In practice, it is rather more complicated than this, but in theory, insurance boils down to collecting enough contributions from everyone involved to be able to cover the claims from the same group of people. The starting point of the system is the principle of solidarity. Everyone contributes their premiums in order to be able to pay out the claims from anyone. The cost versus the risk of a claim is, so to speak, spread across everyone who is involved. In this sense, insurance is therefore theoretically always cheaper than being prepared to pay up for your own claims.

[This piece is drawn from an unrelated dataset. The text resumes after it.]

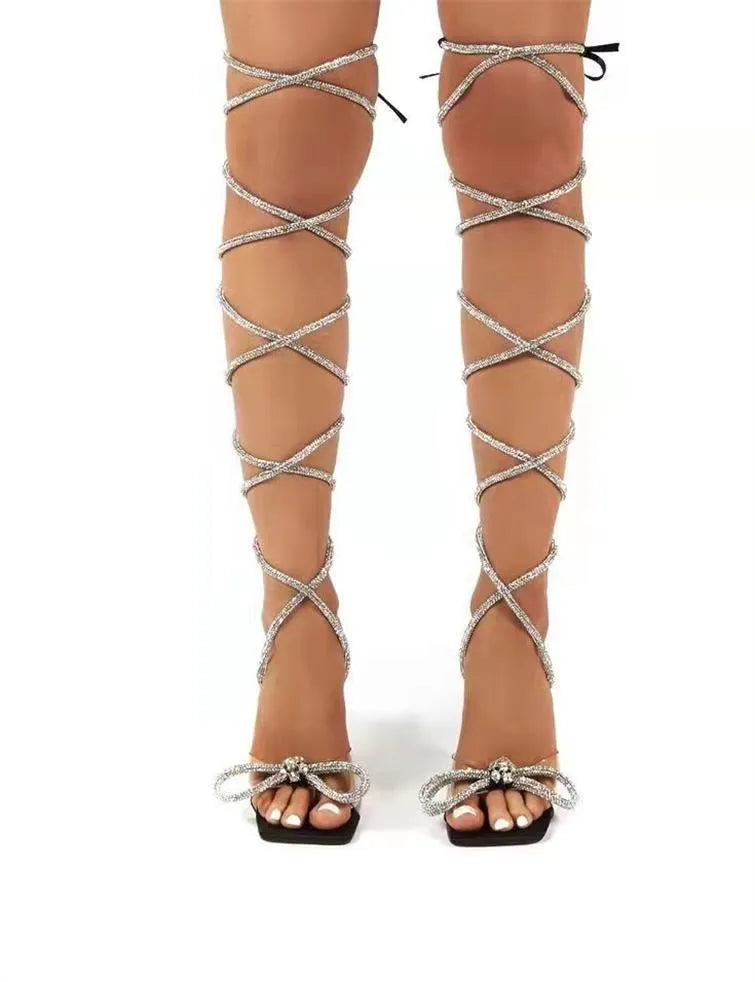Plus size women's black strappy sandals with decorative Roman rhinestone straps and a square toe.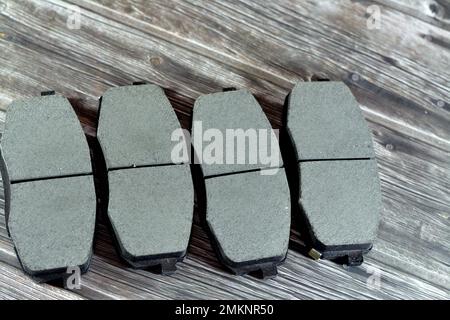 selective focus of a set of new unused auto brake pads for a car isolated on white, car service and maintenance concept, spare parts for a car, steel Stock Photo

Under ideal circumstances, premiums and claims are nicely balanced. But unfortunately, insurance is not an exact science. Insurers have to try and estimate the frequency and size of claims as accurately as possible. To do so, they rely on statistics and the calculation of probabilities. Based on these estimates, they decide on the level of premiums needed in order to be able to apply a fair allocation key. However: each of the policyholders only wants to contribute to the common system in proportion to his or her own risk. It is obvious that a small jeweller should pay a lower premium than a large jeweller.

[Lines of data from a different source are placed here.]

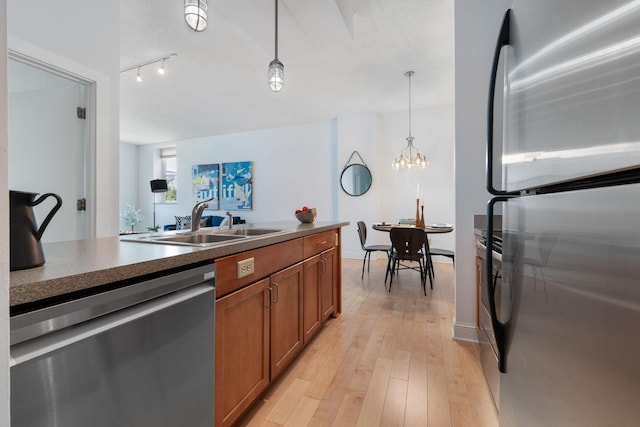215 7th St NE Unit 205, Minneapolis, MN 55413 - kitchen with stainless steel appliances, brown cabinetry, dark countertops, light wood-type flooring, and pendant lighting
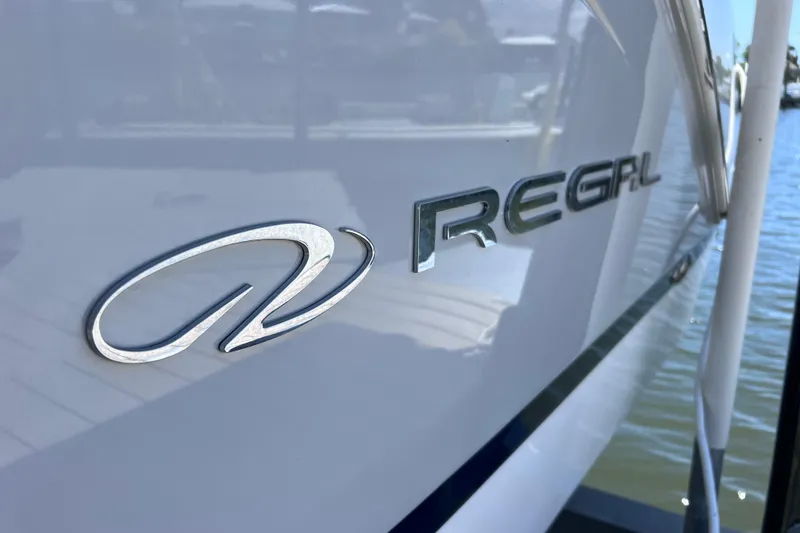 Slide: The Image of 2024 Regal 26 XO boat logo on sleek white hull by the water. - 3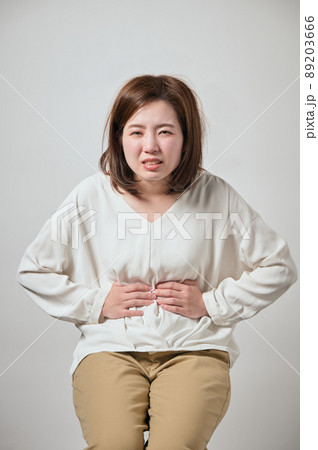 お腹が痛くて手でおさえる若い女性 89203666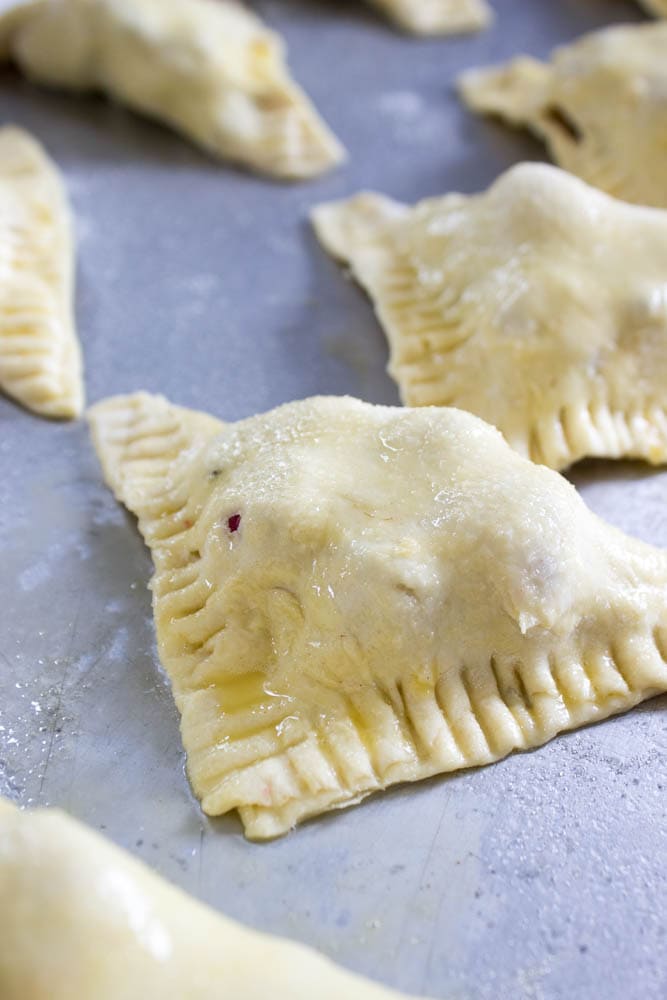 photo of unbaked Chocolate Raspberry Turnovers  on a sheet pan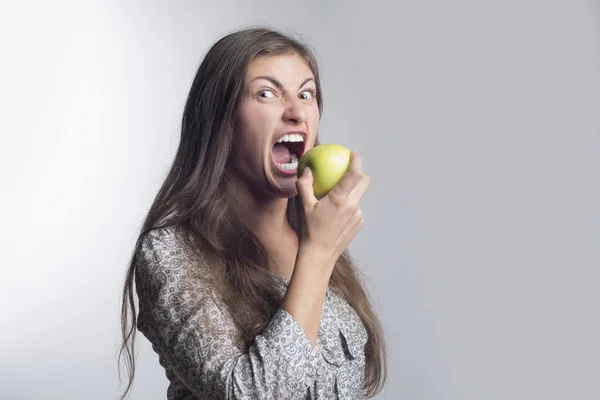 Hungry and angry woman with green apple — Stock Photo, Image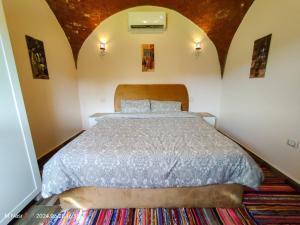 a bedroom with a large bed in a room at Sahure Pyramid View Inn in Cairo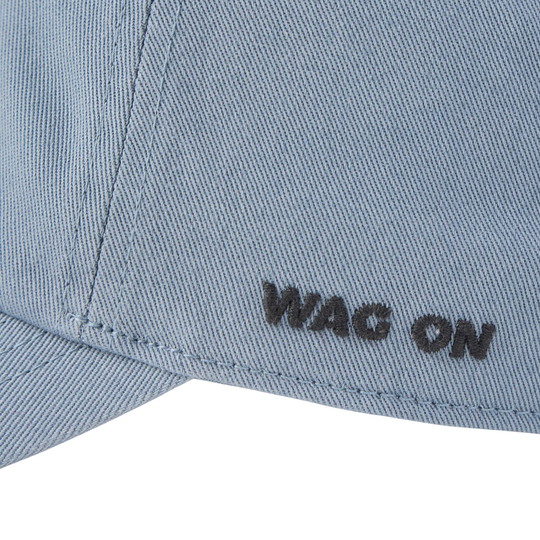 Close-up of a light blue denim cap with the embroidered text 'WAG ON' in black on the side, set against a plain white background.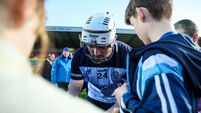 Conor Donohoe signs an autograph for a fan after the game 21/3/2026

The insurer’s earnings therefore depend on the level of claims. If the total amount of claims in a year is higher than originally estimated, then the insurer makes a loss. If the total claims are lower, then they make a profit. Every year is different. Specialist insurers therefore look at their results over the long term. The principle of taking a long-term view can best be compared to the Biblical tale of the 7 fat years and the 7 lean years in Egypt, that you may remember from your school days.
Specialist insurers try to maintain their premiums at the status quo in both fat and lean years. This means that when things are quiet, without many claims, they are often confronted with low premiums from opportunistic insurers who try to move into the insurance market for jewellers. But as Machiavelli once put it: it is a common fault of men not to reckon on storms in fair weather. These opportunistic insurers often disappear just as fast as they sprang up.
Behind every insurance premium, there is a train of logical thinking. Based on the long-term results of various specialised insurers, you can see that from the jewellers’ point of view the current premiums are “honest” premiums. Even though, to a jeweller who has never made a claim, the premium may seem rather expensive, for a jeweller who has made a large claim it is easier to put the price of the premium in context. The important question you have to ask yourself is always: is the saving you would make on your insurance premium worth the uncertainty and worry to you, or not?